Joanna Newsom – Ys

Joanna Newsom - Ys

Jacob Jordan, Staff Writer

Genre: Indie Folk, Chamber Folk

Recommended for: Fans of Sufjan Stevens, Fleet Foxes, Big Thief

Thoughts: What you make of Ys will primarily be what you make of its idiosyncrasies. Joanna Newsom has a voice that she herself has described as “untrainable,” the lyrics are dense and often archaic, and the average track spans more than ten minutes. The heavy medieval aesthetic and earnest ambition of this album also tend to alienate a lot of its listeners. But many of these same characteristics that make Ys difficult to approach only make me appreciate it more. It’s not that I appreciate the difficulty, necessarily, but mostly the uniqueness. There truly is nothing else like it.

The album opener, Emily, details at length Newsom’s relationship with her sister Emily, through three long verses and a chorus. In the first verse, she wistfully reminisces on their childhood in the West. Here, the feeling of separation between the scientifically-minded Emily and poetically-minded Joanna first develops—“Frowning at the angle where they were lost, and slipped under forever / In a mud-cloud, mica-spangled, like the sky’d been breathing on a mirror.” This is only made more dramatic in the chorus, a poem about meteors and meteorites where the information is wrong, even though Joanna Newsom had promised Emily that she’d “set them to verse so I’d always remember.” The second verse describes a time in which Emily had helped her through a miscarriage, and the third verse reflects Joanna Newsom’s desire to reconnect with her sister (“Come on home. The poppies are all grown knee-deep by now”).

Of course when listening to Emily for the first time I was first struck by the poetic elements, but I also dearly love Joanna Newsom’s singing and harp playing as well as the orchestra backing the song.
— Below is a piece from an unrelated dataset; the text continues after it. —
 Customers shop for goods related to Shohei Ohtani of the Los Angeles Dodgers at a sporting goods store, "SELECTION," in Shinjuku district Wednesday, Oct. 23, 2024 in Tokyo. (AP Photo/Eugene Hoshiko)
The singing is still in the forefront, and almost none of it is purely instrumental. The song is melancholy and wistful and feels shorter than its twelve-minute runtime. It demands a listen, and is probably the best song on the album (if I was forced to choose). In a way it is mirrored by the closer, Cosmia, in that it feels like a lyrical awakening, a coming into the light- whereas Cosmia’s direct dialogue with death feels like natural closure. Cosmia is not hard or overt, but it finds consolation beyond loss, a major theme of the album as a whole.
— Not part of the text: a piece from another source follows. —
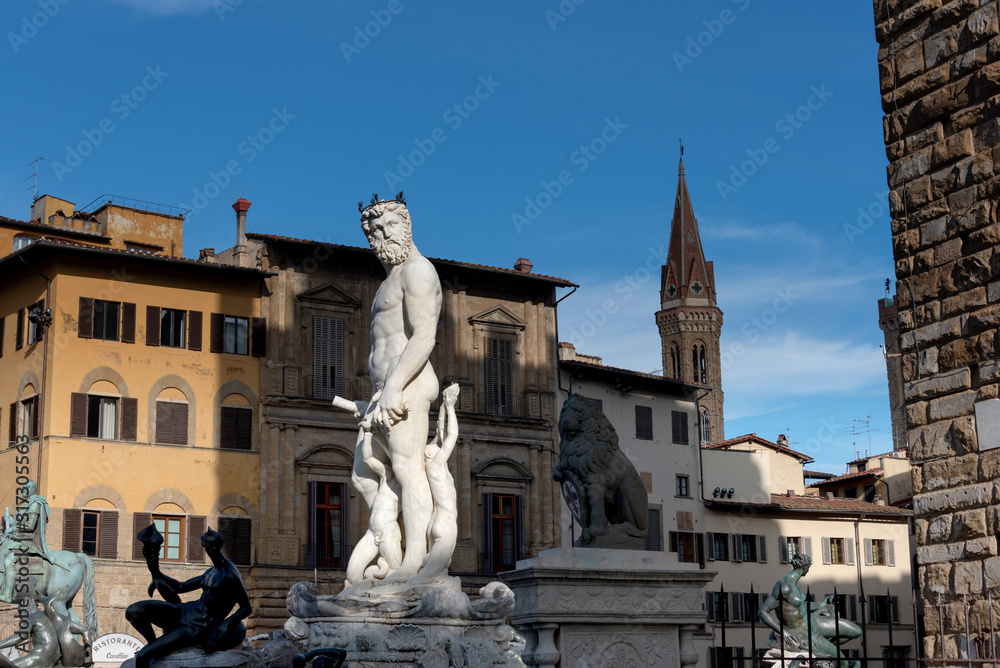 statues in front of the old building facade in Florence Tuscany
Of course everything else has great merit too, though. Monkey and the Bear, which follows immediately, is a great allegory for societal oppression of women, with the monkey always holding the promise of freedom and happiness just ahead of the bear, being very controlling and obsessive. The song ends like Kate Chopin’s The Awakening with the bear swimming far out to sea—though she does not drown, but instead turns into a constellation (Ursa Major). The following Sawdust and Diamonds is probably the song that I’ve explored the least, but it has a number of intense moments in its highly symbolic tale of a child’s death. The intricate lyrics explore a loss of control (“And then the system of strings tugs on the tip of my wings (cut from cardboard and old magazines) / Makes me warble and rise, like a sparrow”). These songs are slightly shorter, but set up the seventeen-minute (!) Only Skin in a way that makes it feel like the climax of the album. A complex story of a strained relationship between Newsom and a former soldier, there really is too much to explain everything. Yet especially strong segments include a narrative about a brown bird that hit Newsom’s window, who recovers when she is released (“Where she’d lain, as still as a stone, in my palm, for a lifetime or two / Then saw the treetops, cocked her head, and up and flew”), and one about her PTSD-ridden partner who contemplates suicide but is brought back through their love. The guest vocals from Smog’s Bill Callahan on the latter half of the song greatly add to the build up near the end. Here, too, Van Dyke Parks’ Baroque-inspired arrangements really start to shine, with numerous great and well-placed flourishes. But none of this diminishes from what is really at forefront—Joanna Newsom’s incredible storytelling and songwriting.